Page MenuHomePhabricator

Fix CheckUser database schema drifts in production
Open, MediumPublic

Description

The CheckUser tables (cu_changes and cu_log) have several drifts in production. One of these (due to 'cuc_private') caused T321041 due to the flawed understanding that it existed on all production wikis as there existed no task for rolling out the field to all wikis. The drift tracker was run and is visible on https://drift-tracker.toolforge.org/report/checkuser/.

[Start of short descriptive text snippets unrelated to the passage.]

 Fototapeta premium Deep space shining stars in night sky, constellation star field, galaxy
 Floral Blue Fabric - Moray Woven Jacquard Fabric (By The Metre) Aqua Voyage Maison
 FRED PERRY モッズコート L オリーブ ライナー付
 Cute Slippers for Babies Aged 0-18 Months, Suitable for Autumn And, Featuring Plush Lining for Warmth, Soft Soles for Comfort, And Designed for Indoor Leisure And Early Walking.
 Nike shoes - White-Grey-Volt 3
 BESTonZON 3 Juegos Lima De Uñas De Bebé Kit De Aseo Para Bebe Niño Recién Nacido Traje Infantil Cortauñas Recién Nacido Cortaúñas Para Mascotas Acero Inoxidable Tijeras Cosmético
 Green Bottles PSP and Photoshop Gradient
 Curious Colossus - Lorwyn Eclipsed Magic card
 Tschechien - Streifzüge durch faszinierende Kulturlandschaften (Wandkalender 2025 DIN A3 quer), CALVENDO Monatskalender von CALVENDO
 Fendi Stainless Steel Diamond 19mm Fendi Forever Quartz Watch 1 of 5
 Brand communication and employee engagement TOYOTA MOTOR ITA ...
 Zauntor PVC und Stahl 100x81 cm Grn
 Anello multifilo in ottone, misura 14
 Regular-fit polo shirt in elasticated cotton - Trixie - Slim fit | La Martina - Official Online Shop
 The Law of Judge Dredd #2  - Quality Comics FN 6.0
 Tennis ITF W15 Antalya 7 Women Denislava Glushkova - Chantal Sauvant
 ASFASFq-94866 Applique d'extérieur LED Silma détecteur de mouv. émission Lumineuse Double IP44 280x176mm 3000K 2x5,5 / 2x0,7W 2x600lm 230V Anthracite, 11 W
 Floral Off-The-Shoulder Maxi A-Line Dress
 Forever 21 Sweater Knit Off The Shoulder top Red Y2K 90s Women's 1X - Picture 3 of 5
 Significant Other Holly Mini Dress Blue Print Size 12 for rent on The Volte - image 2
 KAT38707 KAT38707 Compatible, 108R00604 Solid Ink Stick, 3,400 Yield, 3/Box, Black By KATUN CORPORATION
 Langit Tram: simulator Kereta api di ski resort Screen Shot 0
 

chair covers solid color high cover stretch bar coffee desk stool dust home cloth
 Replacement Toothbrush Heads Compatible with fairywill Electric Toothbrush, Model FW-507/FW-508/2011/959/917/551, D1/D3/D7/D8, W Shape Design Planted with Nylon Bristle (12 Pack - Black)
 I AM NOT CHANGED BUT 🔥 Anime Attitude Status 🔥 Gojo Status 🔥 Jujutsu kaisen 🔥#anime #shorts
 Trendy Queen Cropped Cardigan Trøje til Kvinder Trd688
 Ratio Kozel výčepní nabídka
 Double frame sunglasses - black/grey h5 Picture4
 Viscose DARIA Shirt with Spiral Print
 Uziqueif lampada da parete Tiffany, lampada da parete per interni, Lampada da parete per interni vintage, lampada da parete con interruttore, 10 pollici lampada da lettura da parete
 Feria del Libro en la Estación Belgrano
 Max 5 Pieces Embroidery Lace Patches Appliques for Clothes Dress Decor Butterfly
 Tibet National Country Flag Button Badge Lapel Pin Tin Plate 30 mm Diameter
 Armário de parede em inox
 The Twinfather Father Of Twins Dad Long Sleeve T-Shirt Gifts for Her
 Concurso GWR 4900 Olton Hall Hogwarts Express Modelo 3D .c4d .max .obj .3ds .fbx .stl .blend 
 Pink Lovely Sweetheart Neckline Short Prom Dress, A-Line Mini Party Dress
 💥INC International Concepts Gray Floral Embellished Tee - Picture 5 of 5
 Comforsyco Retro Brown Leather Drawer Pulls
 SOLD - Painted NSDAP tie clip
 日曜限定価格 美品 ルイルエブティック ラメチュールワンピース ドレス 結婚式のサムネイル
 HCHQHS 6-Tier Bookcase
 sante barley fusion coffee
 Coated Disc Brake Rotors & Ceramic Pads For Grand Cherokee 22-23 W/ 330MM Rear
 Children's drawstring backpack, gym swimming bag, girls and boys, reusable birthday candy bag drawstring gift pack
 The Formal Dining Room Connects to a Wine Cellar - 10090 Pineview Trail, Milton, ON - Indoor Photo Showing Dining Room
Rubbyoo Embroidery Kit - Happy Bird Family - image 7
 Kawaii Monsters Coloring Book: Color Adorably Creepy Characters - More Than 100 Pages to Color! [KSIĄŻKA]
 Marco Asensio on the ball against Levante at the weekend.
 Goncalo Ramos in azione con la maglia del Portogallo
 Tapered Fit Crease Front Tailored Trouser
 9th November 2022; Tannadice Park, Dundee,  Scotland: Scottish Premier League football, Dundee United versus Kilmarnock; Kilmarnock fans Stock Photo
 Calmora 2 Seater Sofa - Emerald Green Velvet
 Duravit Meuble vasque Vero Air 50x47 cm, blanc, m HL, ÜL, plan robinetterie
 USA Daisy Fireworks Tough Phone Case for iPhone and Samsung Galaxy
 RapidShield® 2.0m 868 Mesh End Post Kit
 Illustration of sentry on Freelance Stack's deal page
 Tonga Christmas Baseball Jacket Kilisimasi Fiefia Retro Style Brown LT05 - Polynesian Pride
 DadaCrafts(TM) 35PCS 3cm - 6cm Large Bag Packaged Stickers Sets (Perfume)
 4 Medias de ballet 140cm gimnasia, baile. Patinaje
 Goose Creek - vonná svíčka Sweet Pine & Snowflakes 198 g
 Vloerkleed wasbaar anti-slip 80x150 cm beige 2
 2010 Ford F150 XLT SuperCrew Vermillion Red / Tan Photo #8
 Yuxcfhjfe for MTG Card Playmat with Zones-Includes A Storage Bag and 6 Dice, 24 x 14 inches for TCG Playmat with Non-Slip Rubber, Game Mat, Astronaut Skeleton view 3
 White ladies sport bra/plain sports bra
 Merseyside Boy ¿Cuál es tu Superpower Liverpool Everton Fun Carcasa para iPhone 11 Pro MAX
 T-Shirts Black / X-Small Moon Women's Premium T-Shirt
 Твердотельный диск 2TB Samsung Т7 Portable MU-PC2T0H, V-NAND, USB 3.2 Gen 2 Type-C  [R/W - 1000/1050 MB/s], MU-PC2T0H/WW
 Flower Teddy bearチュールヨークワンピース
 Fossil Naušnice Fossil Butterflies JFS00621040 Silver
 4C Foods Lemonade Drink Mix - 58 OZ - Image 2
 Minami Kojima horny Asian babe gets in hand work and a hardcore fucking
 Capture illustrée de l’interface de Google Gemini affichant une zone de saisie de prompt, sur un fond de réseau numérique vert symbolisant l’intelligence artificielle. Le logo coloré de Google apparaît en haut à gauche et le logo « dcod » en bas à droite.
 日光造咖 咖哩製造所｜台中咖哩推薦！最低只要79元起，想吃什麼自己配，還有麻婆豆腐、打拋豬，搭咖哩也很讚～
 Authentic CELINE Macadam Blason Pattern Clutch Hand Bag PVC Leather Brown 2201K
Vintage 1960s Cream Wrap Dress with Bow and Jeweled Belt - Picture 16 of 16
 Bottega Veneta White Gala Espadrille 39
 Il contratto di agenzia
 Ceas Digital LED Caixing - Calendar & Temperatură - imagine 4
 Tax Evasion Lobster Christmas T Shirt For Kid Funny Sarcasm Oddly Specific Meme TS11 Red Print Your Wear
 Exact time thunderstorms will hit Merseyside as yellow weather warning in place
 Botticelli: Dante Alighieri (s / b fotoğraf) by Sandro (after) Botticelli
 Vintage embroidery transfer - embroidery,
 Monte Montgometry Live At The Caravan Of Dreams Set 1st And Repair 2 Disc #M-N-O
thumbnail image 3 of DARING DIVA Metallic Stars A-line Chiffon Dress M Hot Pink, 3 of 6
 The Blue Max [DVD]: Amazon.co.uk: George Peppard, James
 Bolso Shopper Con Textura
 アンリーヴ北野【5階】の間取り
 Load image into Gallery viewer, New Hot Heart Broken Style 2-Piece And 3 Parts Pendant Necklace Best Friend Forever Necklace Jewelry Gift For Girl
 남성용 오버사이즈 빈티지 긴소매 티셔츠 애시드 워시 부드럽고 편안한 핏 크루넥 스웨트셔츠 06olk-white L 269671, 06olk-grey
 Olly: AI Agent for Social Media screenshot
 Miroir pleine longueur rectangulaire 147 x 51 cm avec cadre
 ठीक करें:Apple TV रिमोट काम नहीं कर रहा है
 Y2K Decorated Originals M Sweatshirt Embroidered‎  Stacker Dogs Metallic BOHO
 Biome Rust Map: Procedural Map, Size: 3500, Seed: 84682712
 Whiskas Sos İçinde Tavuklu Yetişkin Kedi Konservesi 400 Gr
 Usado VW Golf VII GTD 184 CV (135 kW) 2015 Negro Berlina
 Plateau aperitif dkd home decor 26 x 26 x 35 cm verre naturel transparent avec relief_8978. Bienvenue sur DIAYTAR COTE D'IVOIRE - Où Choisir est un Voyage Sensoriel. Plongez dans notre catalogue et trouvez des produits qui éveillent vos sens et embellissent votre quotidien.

Drifts that are currently listed at toolforge:

  • 'cu_changes.cuc_private' only db1104 - ideally needs to be on all wikis
  • 'cuc_actor_ip_time' index on 'cu_changes' only db1160 and db1104 - should be on all wikis
  • 'cu_changes.cuc_timestamp' has mismatched type - should be type 'mwtimestamp' (which is BINARY(14) in this case according to mediawiki schema change docs)
  • 'cu_log.cul_timestamp' has mismatched type - should be 'mwtimestamp' (same as point above for it's raw DB type)
  • 'cuc_user_time' index on 'cu_changes' needs to be removed from all wikis as it's not present in the current tables.json schema for CheckUser
  • 'cu_changes.cuc_agent' needs to exist on all wikis (I'm very surprised this hasn't caused a prod error)
  • 'cu_log.cul_range_end' needs to exist on all wikis (I'm surprised this hasn't caused a prod error)
  • 'cul_actor_time' index on table 'cu_log' needs to be on all wikis
  • Columns 'cuc_user' and 'cuc_user_text', and index 'cuc_user_ip_time' need to be removed from 'cu_changes'
  • Missing column 'cuc_only_for_read_old' from 'cu_changes'

Related Objects

Event Timeline

I suggest creating a subticket for each one, see the FR ticket T313253

The type of cul_timestamp would be nice to known from enwiki
cuc_agent and cul_range_end are the last columns on the production tables and both are part of the initial schema, where I would not expect them as missing. It is possible the schema drift checker makes something wrong here?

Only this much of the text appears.